According to documents filed by the streaming service, nearly 200,000 subscribers had canceled their membership during the first quarter of 2022. This was a sharp contrast to Netflix's expectations where it had hoped to add at least 2.5 million new subscribers to its service.
But things are not looking rosy. Netflix estimates that it may lose another 2 million subscribers during the current quarter. The streaming service notes that increasing inflation has been one of the key drivers of slowing growth.
As prices of basic commodities go up sharply, many people find it harder to afford subscription services. But many experts feel that Netflix has peaked and as more and more streaming services come in, it will be very hard for it to keep up. Shortly after the loss of subscribers was announced, Netflix’s stock dived. It lost nearly 40% in one single day.
At one point the stock price touched the lowest price recorded since 2018. JP Morgan was relatively bullish about the company in 2022. It had predicted that the coin will close the year above $605. But the recent data is changing the outlook massively. As of now, JP Morgan expects Netflix to end 2022 at $300. Although this is higher than the current stock price, it is nearly half the initial prediction of $600.
The investment bank also noted with concern that Netflix had "ticked all the boxes" you would expect from a bearish asset. This suggests that more pain is ahead for investors. Despite this, Netflix is trying to address some of these challenges. For example, to tackle the growing concerns about its high prices, the streaming platform is considering bringing in an ad-supported version.
This will be heavily discounted and users will have to watch ads. Netflix had often resisted the idea of adding ads into its streaming to give users the best possible experience. But a lot of consumers would welcome an ad supporter version of Netflix if it means paying lower monthly fees.

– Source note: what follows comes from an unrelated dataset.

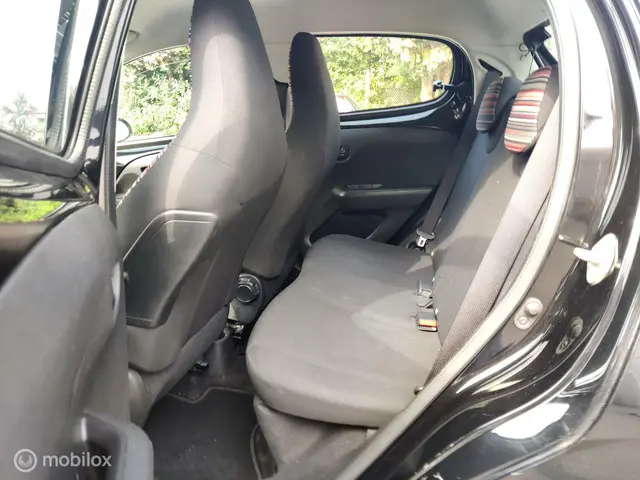 Citroën C1 1.0 VTi Feel 2021 Benzine 8
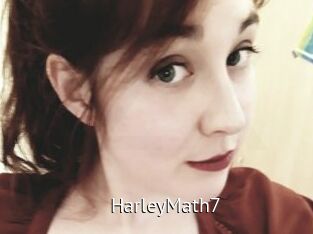 HarleyMath7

The streaming service has also been trying to expand its reach in emerging markets through innovative packages. More importantly, though, Netflix is cracking down on password sharing across accounts. The company sees this as a huge barrier to increasing its revenues.
If indeed it can do it, there may be some reprieve for investors in the end. However, the long-term outlook for Netflix remains bleak. The company will now have to deal with so many competitors in a market that appears to be shrinking every day.